S’étant juré de vaincre le mauvais vouloir de Baudricourt, elle vint gagner son pain à Vaucouleurs et partagea son temps entre la prière ardente et le travail. Cependant, son renom commençait à s’étendre, Baudricourt commençait à douter ; craignant seulement qu’elle ne fût sorcière, il requit le curé de venir l’interroger. Jeanne fut reconnue bonne chrétienne, sans rapport aucun avec le démon ; elle revint pourtant au village avec son oncle, Baudricourt n’ayant fait autre chose pour elle que d’écrire à la cour.

Ce ne fut que pour peu de temps.
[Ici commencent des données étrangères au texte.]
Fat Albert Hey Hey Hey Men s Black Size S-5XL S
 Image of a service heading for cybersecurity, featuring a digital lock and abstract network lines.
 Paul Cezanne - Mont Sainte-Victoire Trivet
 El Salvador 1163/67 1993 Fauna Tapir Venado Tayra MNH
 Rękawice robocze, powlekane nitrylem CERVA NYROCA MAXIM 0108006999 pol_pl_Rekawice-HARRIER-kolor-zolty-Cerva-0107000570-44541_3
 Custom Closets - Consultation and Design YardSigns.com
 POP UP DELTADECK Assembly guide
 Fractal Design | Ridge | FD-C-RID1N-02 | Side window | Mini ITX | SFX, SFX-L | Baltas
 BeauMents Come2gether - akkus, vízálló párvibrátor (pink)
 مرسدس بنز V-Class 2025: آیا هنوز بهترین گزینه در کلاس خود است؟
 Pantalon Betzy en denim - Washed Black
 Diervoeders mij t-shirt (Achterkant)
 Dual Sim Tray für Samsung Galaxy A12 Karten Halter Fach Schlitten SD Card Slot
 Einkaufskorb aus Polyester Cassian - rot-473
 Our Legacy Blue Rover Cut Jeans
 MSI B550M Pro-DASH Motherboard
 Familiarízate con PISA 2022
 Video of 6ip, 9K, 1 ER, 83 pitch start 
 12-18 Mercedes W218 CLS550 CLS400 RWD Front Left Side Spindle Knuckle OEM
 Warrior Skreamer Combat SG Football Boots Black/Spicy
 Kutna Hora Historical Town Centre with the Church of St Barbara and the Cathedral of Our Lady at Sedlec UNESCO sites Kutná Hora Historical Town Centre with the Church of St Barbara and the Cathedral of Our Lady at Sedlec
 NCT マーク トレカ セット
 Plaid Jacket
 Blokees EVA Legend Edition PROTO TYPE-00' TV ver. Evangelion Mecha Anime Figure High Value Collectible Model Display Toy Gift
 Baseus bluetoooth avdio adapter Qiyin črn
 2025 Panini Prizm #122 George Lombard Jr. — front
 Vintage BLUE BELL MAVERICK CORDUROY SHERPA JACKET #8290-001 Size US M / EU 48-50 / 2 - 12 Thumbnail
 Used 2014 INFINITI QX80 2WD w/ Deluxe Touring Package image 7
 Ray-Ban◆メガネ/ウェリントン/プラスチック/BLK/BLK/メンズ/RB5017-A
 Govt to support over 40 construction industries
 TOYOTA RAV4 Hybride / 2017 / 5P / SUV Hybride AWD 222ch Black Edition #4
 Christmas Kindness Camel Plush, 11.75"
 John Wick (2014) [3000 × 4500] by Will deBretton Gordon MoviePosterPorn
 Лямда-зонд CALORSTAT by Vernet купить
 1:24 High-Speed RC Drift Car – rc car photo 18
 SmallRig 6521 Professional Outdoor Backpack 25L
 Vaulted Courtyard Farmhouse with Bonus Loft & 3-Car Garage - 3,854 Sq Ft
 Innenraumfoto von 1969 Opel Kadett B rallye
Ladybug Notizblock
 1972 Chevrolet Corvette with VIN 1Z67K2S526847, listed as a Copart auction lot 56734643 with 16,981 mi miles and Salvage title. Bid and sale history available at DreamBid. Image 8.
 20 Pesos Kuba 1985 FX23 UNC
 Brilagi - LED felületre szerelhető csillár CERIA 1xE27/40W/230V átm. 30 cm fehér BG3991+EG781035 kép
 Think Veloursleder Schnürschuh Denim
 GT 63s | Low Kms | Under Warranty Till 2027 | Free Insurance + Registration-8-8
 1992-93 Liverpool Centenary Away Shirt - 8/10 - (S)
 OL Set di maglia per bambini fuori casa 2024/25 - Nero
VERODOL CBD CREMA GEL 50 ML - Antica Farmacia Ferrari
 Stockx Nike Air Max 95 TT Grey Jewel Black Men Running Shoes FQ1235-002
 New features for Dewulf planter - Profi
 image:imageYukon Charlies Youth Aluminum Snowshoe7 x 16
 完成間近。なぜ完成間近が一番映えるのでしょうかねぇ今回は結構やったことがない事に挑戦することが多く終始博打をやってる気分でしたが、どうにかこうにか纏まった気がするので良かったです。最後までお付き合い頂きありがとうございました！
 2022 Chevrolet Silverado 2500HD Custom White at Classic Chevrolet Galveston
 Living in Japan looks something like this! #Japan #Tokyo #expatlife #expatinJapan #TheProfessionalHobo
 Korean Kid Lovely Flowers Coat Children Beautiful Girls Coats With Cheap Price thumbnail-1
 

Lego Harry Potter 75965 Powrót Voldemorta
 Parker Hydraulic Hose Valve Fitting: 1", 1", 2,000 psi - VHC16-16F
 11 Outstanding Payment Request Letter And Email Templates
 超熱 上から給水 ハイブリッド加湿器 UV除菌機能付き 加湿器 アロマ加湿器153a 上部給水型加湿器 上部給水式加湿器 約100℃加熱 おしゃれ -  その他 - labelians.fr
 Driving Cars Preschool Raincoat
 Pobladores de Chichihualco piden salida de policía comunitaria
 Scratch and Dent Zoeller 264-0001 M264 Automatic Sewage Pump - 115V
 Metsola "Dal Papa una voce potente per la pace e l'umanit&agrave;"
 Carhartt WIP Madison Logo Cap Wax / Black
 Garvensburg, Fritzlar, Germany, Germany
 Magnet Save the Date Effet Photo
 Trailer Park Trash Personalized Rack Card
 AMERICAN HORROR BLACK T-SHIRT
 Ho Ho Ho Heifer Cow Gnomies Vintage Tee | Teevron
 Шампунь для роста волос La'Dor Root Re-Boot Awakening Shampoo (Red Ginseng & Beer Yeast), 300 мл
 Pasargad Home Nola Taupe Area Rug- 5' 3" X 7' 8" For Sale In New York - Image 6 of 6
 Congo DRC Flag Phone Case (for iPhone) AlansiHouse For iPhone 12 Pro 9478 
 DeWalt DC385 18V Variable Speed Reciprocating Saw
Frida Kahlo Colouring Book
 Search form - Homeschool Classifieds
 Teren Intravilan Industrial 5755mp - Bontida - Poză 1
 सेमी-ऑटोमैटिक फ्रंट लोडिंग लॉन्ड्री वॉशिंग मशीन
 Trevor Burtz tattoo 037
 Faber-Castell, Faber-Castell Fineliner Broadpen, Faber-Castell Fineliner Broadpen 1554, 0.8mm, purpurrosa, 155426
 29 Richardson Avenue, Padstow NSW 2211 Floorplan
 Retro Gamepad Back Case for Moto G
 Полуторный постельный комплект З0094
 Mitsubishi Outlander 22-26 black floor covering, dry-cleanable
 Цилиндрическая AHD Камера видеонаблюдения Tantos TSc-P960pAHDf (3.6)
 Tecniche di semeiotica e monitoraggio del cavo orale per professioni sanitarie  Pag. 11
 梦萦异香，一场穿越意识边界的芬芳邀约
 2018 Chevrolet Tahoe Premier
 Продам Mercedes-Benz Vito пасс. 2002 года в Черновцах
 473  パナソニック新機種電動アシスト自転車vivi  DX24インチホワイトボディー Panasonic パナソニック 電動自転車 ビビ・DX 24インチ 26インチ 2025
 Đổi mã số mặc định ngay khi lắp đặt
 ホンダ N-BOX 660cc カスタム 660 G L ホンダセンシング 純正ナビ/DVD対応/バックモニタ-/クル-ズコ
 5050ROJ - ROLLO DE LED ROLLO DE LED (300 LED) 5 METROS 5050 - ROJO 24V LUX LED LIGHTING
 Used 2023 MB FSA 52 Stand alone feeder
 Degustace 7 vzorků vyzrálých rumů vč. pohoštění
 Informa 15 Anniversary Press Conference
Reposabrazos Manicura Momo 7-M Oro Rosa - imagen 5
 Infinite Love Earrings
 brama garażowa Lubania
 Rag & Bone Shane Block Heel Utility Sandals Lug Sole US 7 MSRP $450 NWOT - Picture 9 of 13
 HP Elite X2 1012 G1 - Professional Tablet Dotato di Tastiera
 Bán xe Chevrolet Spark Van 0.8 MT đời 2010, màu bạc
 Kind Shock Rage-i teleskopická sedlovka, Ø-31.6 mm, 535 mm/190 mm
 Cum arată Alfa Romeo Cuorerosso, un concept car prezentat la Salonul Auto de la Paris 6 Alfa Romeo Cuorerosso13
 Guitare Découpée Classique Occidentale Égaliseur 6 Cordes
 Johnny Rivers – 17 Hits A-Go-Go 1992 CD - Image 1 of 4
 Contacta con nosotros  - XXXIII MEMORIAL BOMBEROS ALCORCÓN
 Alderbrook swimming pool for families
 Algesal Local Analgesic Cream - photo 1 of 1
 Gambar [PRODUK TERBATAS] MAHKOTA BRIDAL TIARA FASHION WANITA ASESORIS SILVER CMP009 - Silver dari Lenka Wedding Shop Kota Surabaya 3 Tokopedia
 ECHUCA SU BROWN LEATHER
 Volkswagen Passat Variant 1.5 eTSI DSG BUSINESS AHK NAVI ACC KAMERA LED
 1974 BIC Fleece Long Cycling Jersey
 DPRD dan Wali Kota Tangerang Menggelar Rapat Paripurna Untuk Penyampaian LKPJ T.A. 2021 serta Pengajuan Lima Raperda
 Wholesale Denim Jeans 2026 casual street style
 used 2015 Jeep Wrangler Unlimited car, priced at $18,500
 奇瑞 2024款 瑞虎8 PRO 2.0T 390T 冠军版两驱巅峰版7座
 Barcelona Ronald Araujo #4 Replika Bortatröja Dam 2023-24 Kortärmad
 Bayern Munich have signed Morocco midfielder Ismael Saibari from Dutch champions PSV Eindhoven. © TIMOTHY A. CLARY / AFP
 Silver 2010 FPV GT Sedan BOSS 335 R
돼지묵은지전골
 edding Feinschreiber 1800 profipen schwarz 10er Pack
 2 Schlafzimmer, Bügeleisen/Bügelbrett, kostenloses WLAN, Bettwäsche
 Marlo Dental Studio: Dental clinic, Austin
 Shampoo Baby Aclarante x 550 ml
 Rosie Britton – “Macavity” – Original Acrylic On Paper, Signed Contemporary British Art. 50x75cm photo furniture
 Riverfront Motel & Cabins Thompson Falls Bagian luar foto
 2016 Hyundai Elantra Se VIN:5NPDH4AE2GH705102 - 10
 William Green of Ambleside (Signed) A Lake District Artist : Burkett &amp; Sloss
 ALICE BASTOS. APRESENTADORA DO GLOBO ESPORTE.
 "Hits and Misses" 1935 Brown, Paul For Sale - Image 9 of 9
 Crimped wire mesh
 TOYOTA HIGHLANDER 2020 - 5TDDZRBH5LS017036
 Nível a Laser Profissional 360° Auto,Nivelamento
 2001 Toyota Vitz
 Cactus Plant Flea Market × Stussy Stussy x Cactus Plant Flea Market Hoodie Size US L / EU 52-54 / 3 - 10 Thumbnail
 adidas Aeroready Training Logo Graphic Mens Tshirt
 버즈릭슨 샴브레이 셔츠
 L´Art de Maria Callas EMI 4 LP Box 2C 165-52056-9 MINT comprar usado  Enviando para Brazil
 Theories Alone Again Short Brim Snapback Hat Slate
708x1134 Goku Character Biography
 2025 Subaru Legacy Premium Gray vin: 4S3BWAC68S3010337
Les nouvelles du siège d’Orléans l’enflammèrent à nouveau et la ramenèrent à Vaucouleurs vers le commencement du carême : avant le milieu du carême, elle devait paraître devant le Dauphin, quand elle devrait user ses jambes jusqu’au genou pour y aller.

« Personne, excepté moi, ne peut rétablir le trône de France ; j’aimerais mieux rester auprès de ma pauvre mère, et faire ce que j’ai soulé faire, mais je dois partir ! »

Or, la foi commença à mouvoir les montagnes ; deux nobles, de Metz et Poulangis, séduits par ses discours, et par son air inspiré, lui donnèrent leur foi et jurèrent de l’accompagner sous la conduite de Dieu. Le bruit de sa sainteté et de ses révélations se propageait et se confirmait ; le duc de Lorraine, étendu sur son lit de mort, la fît venir à Nancy et lui demanda son conseil pour recouvrer la santé. « Ces choses, répondit-elle, ne lui avaient pas été révélées. » Elle revint en hâte à Vaucouleurs.

Baudricourt, ayant enfin résolu de l’envoyer au Dauphin, les gens de Vaucouleurs se cotisèrent pour lui acheter un cheval et un habit d’homme. Baudricourt lui donna l’épée et lui fournit une escorte : six cavaliers, un lanternier et deux valets armés. De Metz, Poulangis, un envoyé du roi s’ajoutèrent à cette petite troupe. « Adieu, adieu ! Advienne que pourra… » criait au départ l’incrédule Baudricourt ; les gens de Vaucouleurs, sentant mieux le sacrifice de Jeanne, s’attendrissaient sur son sort. « Ne me plaignez pas ! criait-elle en s’éloignant, je suis née pour cela ! »

Elle partit de la sorte pour franchir les cent dix lieues qui la séparaient du Dauphin. C’était le 24 février, d’autres disent le 13.